Scraped caption text data →

★ ★ ★ ★

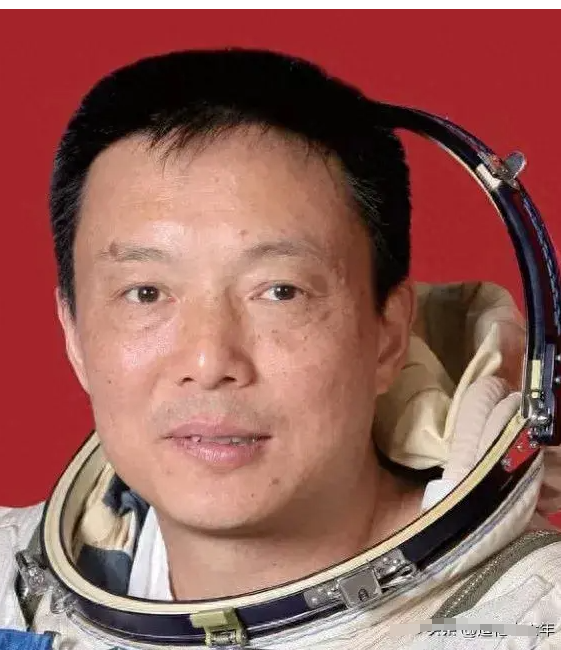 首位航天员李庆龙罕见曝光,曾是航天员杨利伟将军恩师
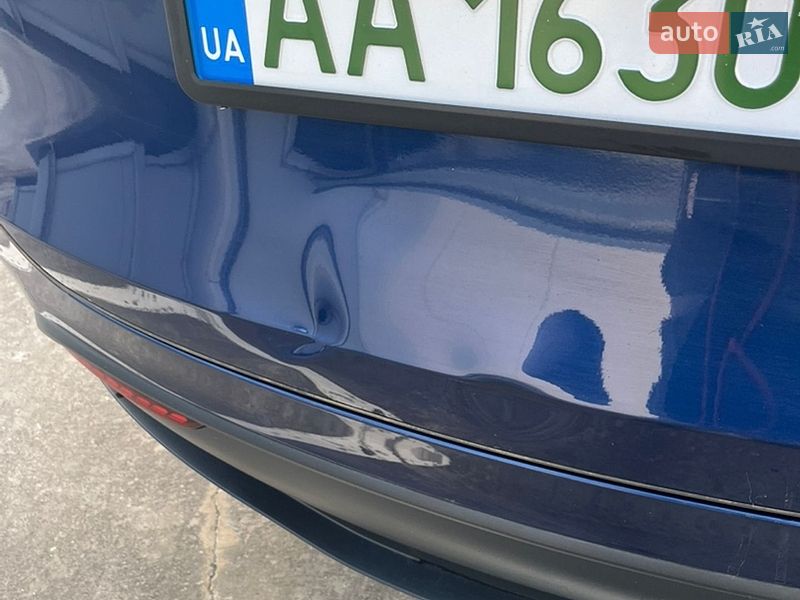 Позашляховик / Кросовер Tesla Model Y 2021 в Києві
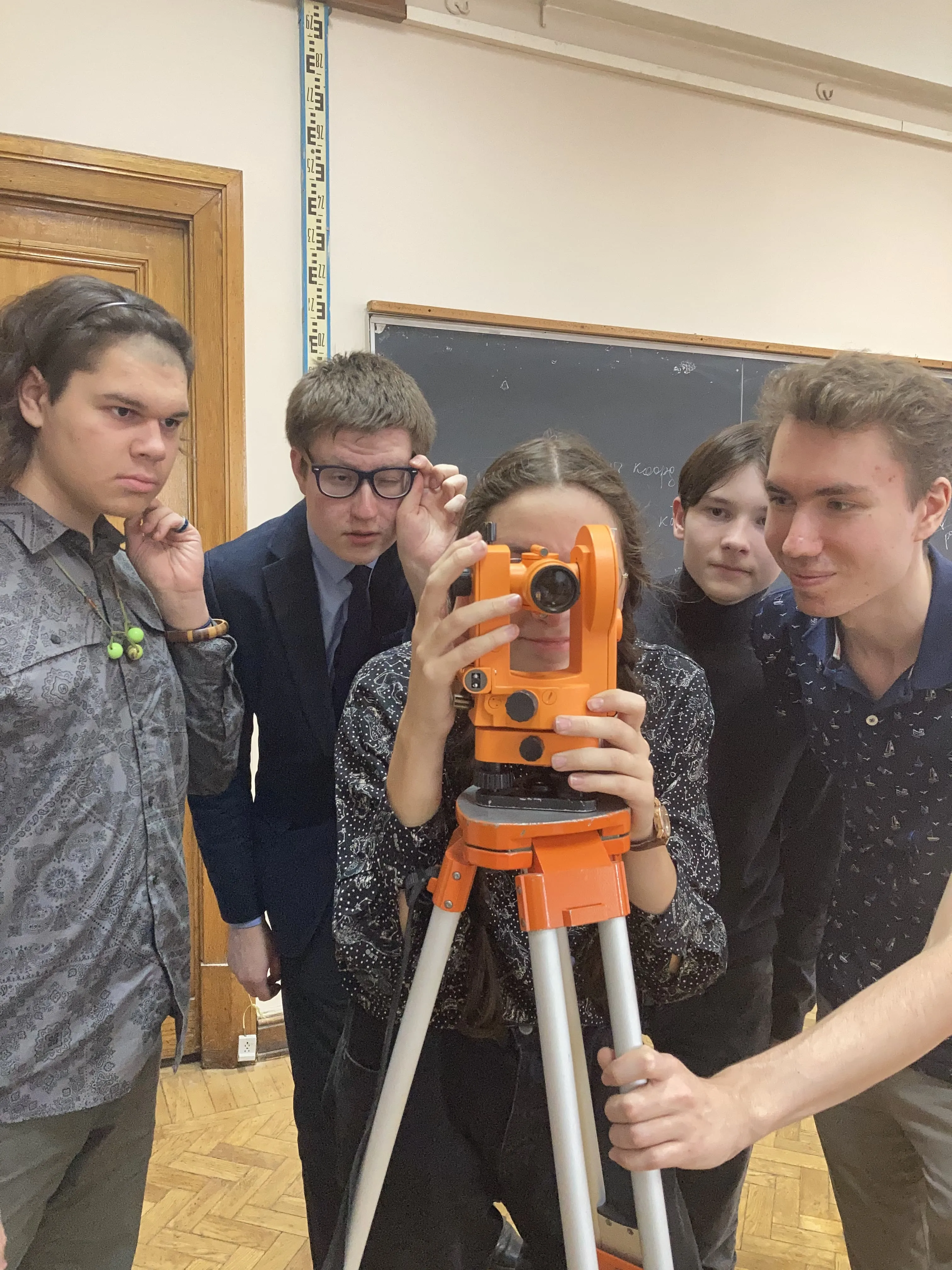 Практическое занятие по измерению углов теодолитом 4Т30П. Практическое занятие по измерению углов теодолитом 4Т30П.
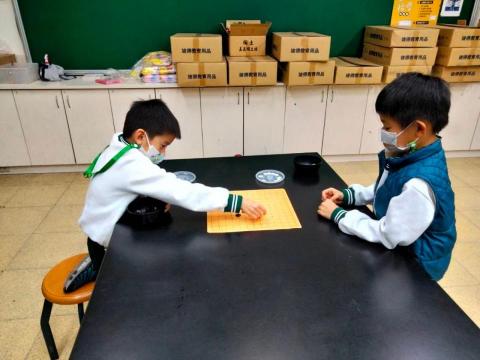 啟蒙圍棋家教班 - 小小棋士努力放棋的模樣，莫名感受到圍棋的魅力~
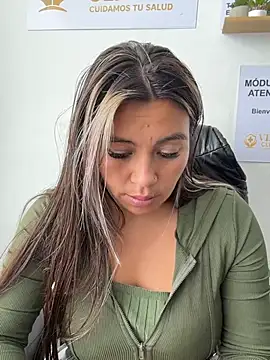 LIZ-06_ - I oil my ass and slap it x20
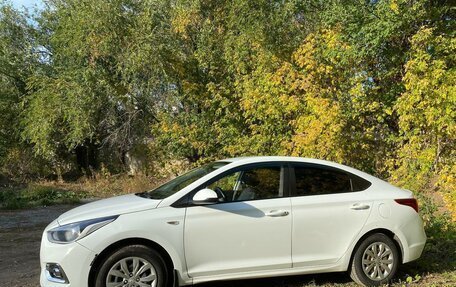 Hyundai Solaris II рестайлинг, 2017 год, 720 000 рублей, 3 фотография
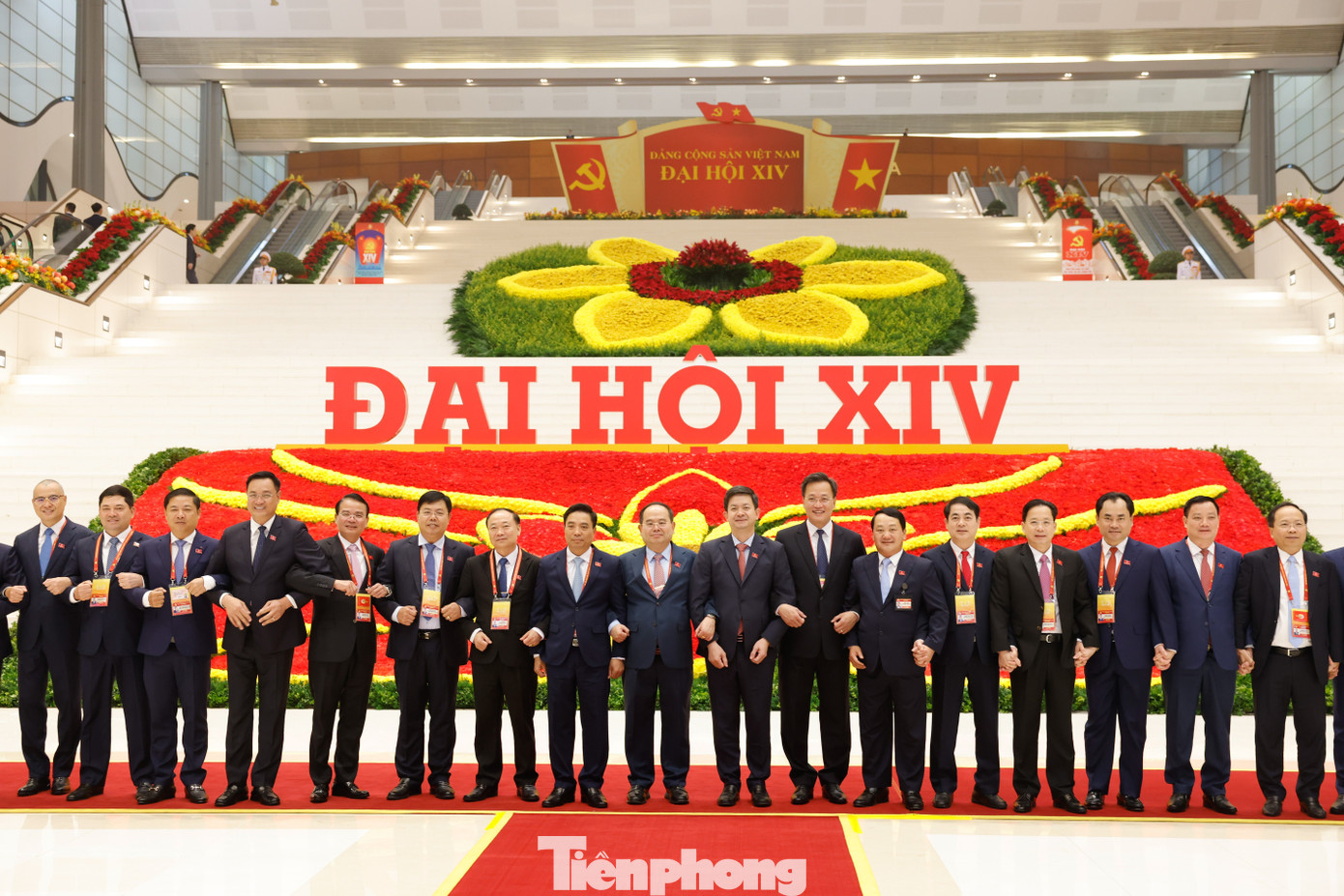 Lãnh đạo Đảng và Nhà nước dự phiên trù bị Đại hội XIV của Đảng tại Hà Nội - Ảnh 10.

★ ★ ★ ★

TASK REQUIREMENTS → Extract only the lines from the one that contains "LIZ-06_ - I oil my ass and slap it x20" through the end of the records, inclusive, and omit every picture.

EXPECTED ANSWER →
 LIZ-06_ - I oil my ass and slap it x20
 Hyundai Solaris II рестайлинг, 2017 год, 720 000 рублей, 3 фотография
 Lãnh đạo Đảng và Nhà nước dự phiên trù bị Đại hội XIV của Đảng tại Hà Nội - Ảnh 10.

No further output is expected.